> _EXERCISE DIRECTIONS_:
May I have the line containing "MIXDE - Target" and every line after it through the end of the data, repeated exactly and with no other lines?

"""

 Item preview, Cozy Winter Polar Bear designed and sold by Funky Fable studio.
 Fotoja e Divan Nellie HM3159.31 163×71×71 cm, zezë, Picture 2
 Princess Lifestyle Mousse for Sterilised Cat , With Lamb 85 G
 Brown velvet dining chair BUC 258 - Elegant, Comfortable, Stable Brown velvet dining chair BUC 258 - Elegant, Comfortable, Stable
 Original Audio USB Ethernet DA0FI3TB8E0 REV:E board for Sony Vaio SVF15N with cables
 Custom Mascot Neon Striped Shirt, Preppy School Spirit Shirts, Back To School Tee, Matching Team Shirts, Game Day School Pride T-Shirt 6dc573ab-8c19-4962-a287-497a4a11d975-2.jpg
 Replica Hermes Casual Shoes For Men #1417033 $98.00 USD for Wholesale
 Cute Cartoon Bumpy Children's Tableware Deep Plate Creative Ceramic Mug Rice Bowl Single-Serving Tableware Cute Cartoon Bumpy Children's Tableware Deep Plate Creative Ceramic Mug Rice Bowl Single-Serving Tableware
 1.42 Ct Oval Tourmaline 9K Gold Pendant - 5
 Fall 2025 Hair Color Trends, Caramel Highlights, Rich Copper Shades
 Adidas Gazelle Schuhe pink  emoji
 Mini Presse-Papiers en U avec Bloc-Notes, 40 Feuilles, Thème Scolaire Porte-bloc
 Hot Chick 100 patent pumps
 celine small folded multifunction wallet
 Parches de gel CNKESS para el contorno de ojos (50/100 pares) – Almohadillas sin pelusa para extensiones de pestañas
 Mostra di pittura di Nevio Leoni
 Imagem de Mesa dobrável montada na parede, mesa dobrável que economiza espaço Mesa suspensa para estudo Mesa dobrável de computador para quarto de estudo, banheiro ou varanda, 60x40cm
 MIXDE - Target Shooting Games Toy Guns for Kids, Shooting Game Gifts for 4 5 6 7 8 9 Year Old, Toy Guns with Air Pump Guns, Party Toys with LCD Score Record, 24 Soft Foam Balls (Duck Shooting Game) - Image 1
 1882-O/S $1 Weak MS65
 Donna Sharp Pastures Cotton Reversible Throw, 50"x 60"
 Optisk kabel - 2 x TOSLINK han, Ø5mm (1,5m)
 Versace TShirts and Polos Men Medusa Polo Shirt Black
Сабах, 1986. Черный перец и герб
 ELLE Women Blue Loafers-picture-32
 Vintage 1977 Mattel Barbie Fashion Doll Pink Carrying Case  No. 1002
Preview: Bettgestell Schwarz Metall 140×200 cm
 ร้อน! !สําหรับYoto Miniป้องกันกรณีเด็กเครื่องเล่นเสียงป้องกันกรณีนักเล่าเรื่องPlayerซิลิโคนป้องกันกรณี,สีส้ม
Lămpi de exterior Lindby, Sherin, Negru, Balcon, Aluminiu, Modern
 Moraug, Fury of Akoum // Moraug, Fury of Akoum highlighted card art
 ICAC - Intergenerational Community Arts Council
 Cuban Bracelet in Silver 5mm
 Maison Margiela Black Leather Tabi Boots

"""

> _RESPONSE TO THE TASK_:
 MIXDE - Target Shooting Games Toy Guns for Kids, Shooting Game Gifts for 4 5 6 7 8 9 Year Old, Toy Guns with Air Pump Guns, Party Toys with LCD Score Record, 24 Soft Foam Balls (Duck Shooting Game) - Image 1
 1882-O/S $1 Weak MS65
 Donna Sharp Pastures Cotton Reversible Throw, 50"x 60"
 Optisk kabel - 2 x TOSLINK han, Ø5mm (1,5m)
 Versace TShirts and Polos Men Medusa Polo Shirt Black
Сабах, 1986. Черный перец и герб
 ELLE Women Blue Loafers-picture-32
 Vintage 1977 Mattel Barbie Fashion Doll Pink Carrying Case  No. 1002
Preview: Bettgestell Schwarz Metall 140×200 cm
 ร้อน! !สําหรับYoto Miniป้องกันกรณีเด็กเครื่องเล่นเสียงป้องกันกรณีนักเล่าเรื่องPlayerซิลิโคนป้องกันกรณี,สีส้ม
Lămpi de exterior Lindby, Sherin, Negru, Balcon, Aluminiu, Modern
 Moraug, Fury of Akoum // Moraug, Fury of Akoum highlighted card art
 ICAC - Intergenerational Community Arts Council
 Cuban Bracelet in Silver 5mm
 Maison Margiela Black Leather Tabi Boots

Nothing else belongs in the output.